The Canterbury Tales: The Miller's Tale
by Geoffrey Chaucer
The Canterbury Tales: The Miller's Tale Foolishness and Folly Quotes
How we cite our quotes: Citations follow this format: (Line). We used the line numbering found on Librarius's online edition.
And thus she maketh Absolon hire ape,
And al his ernest turneth til a jape.
Is it really Alisoun who makes Absolon appear foolish? Or is it his own refusal to give up the courtship in the face of continued rejection? There is a way in which Alisoun turns Absolon's earnestness into a joke, in her refusal to take it seriously herself.

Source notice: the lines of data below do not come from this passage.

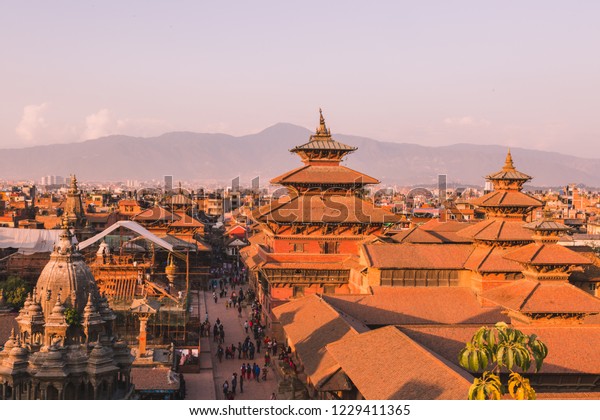 パタン神殿 パタンデュルバル広場はネパールのラリトプールの中心に位置する カトマンズ渓谷の3つのダーバル広場の一つで ユネスコの世界遺産です の写真素材 今すぐ編集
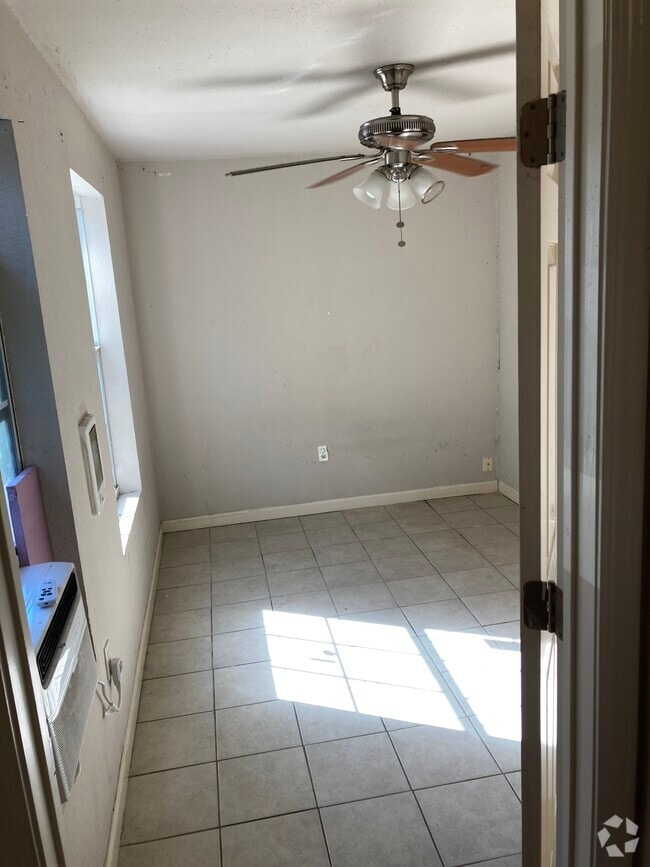 Building Photo - 717 Southern St Rental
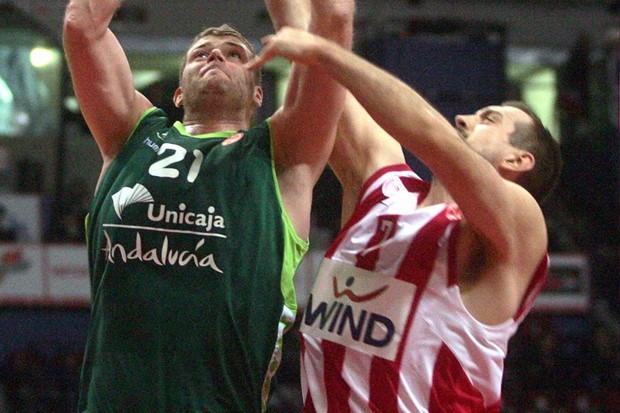 Olympiacos preskočio Unicaju, sjajni Partizan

. . . Nicholas shal shapen him a whyle
This sely jalous housbond to bigyle.
"Sely" means stupid, but it also means innocent and harmless, the implication being that the innocent lack guile. It's a perfect word to describe John, whose "sely"-ness derives from a somewhat innocent nature that fails to see the treachery in others.
Ye, blessed be alwey a lewed man
That noght but only his bileeve can!
John's defense of the "lewed" or "unlearned" is rendered foolish by the ease with which he is duped by Nicholas only a few lines later. If John had probed further into Nicholas's story, perhaps he would not have been so easily tricked.